Description of the task =>
From first line to last, transcribe the listing exactly and skip any image.

Supplied information =>
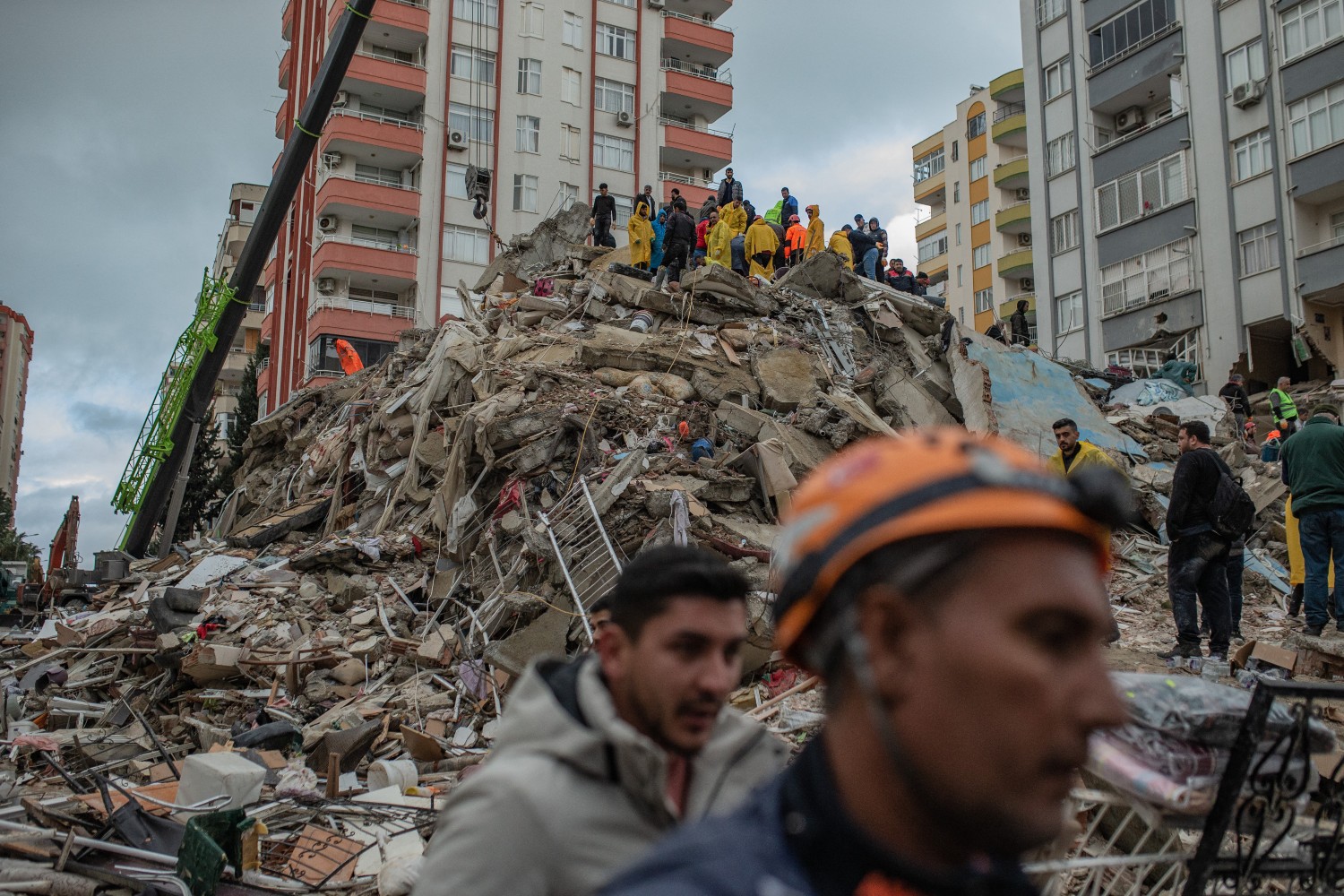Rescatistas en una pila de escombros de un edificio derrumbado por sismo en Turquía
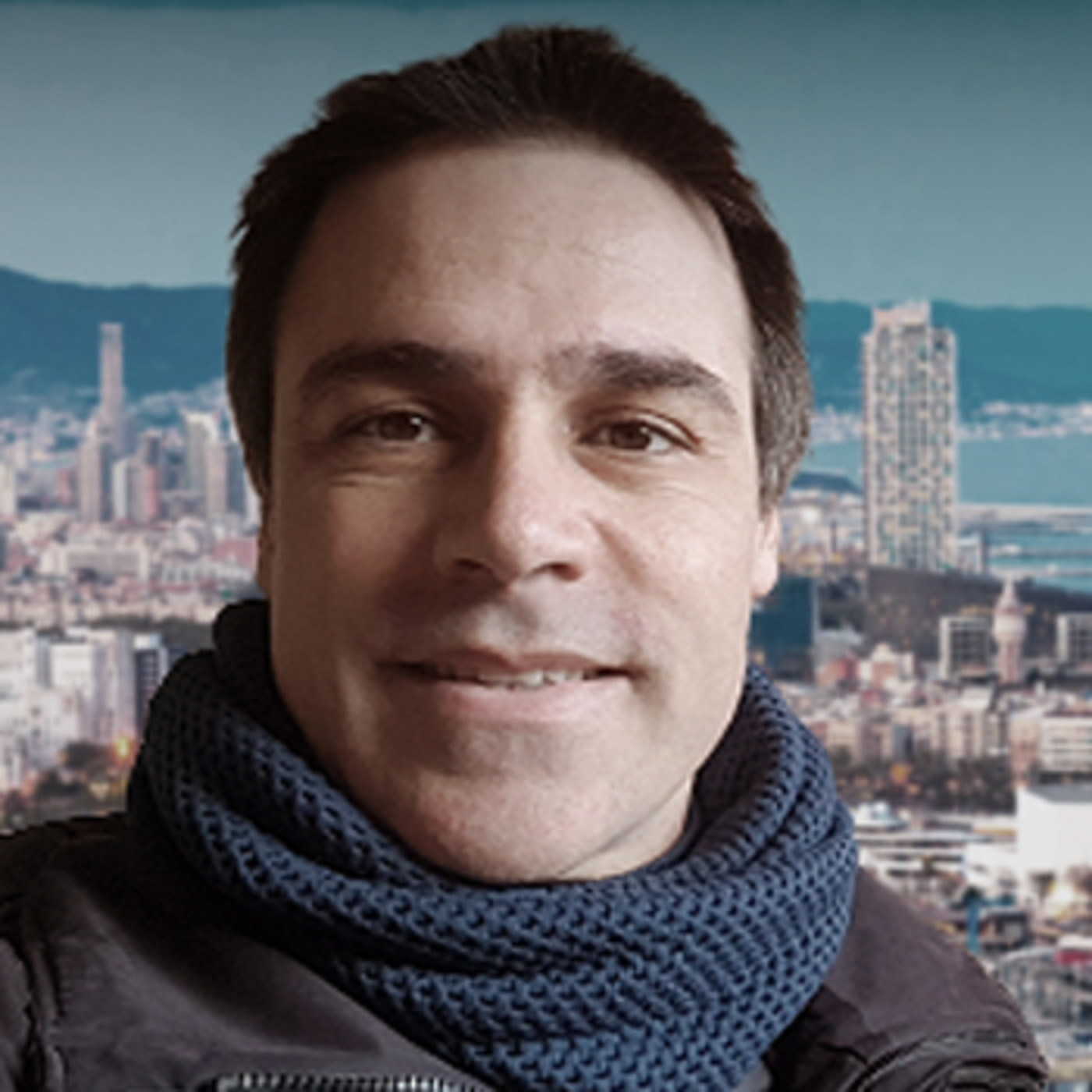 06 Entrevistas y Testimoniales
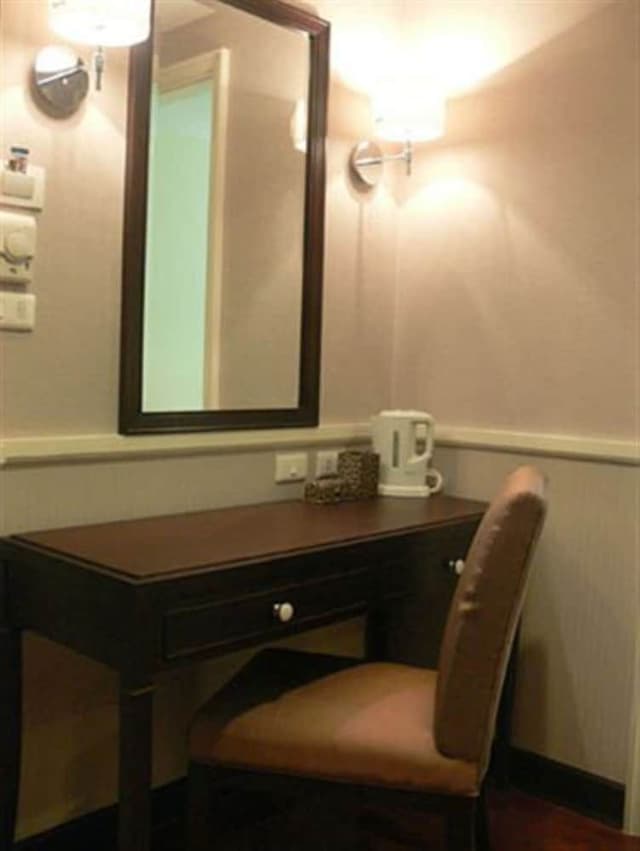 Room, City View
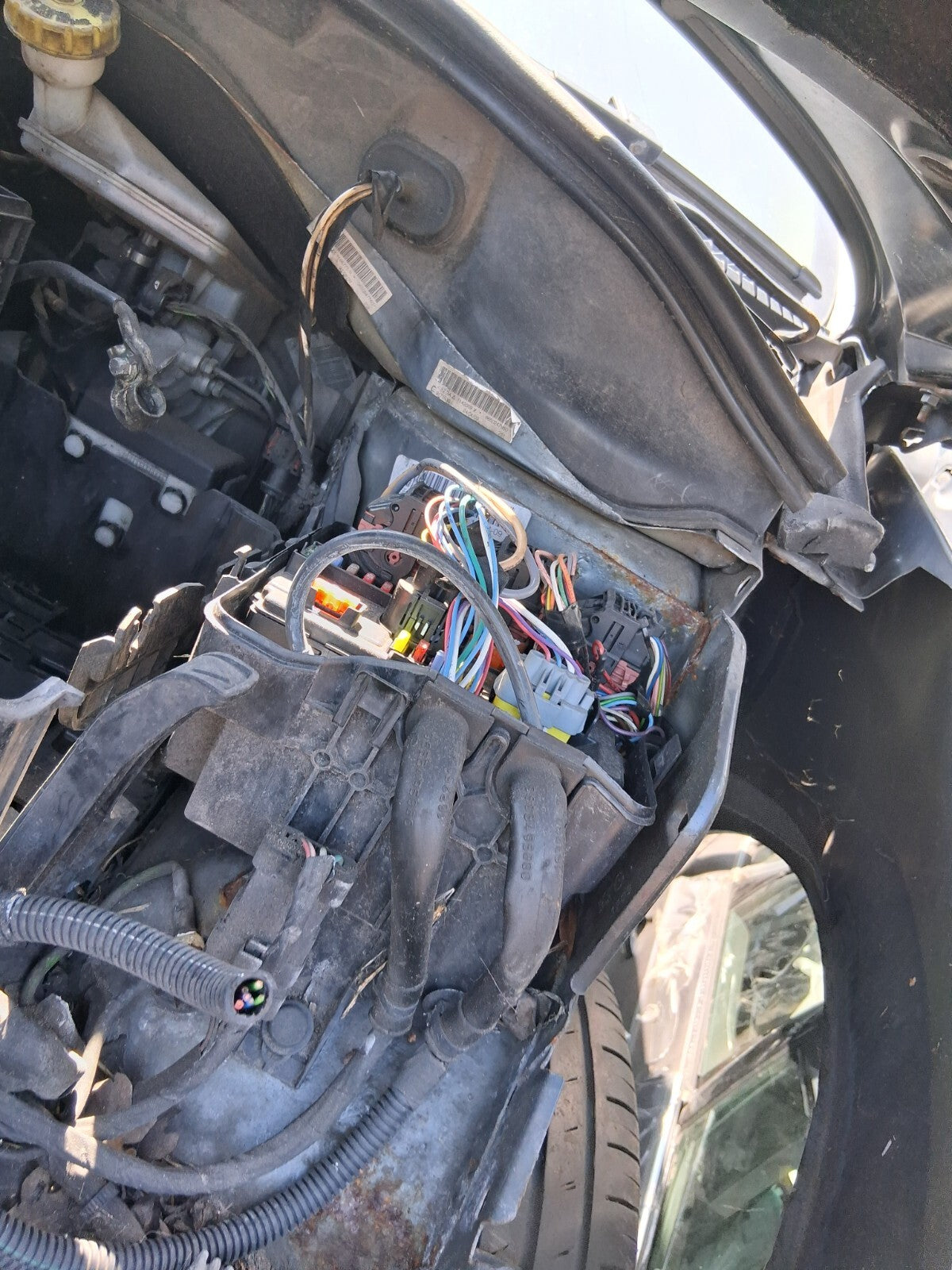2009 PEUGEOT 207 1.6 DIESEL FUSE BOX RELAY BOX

Exercise response =>
Rescatistas en una pila de escombros de un edificio derrumbado por sismo en Turquía
 06 Entrevistas y Testimoniales
 Room, City View
2009 PEUGEOT 207 1.6 DIESEL FUSE BOX RELAY BOX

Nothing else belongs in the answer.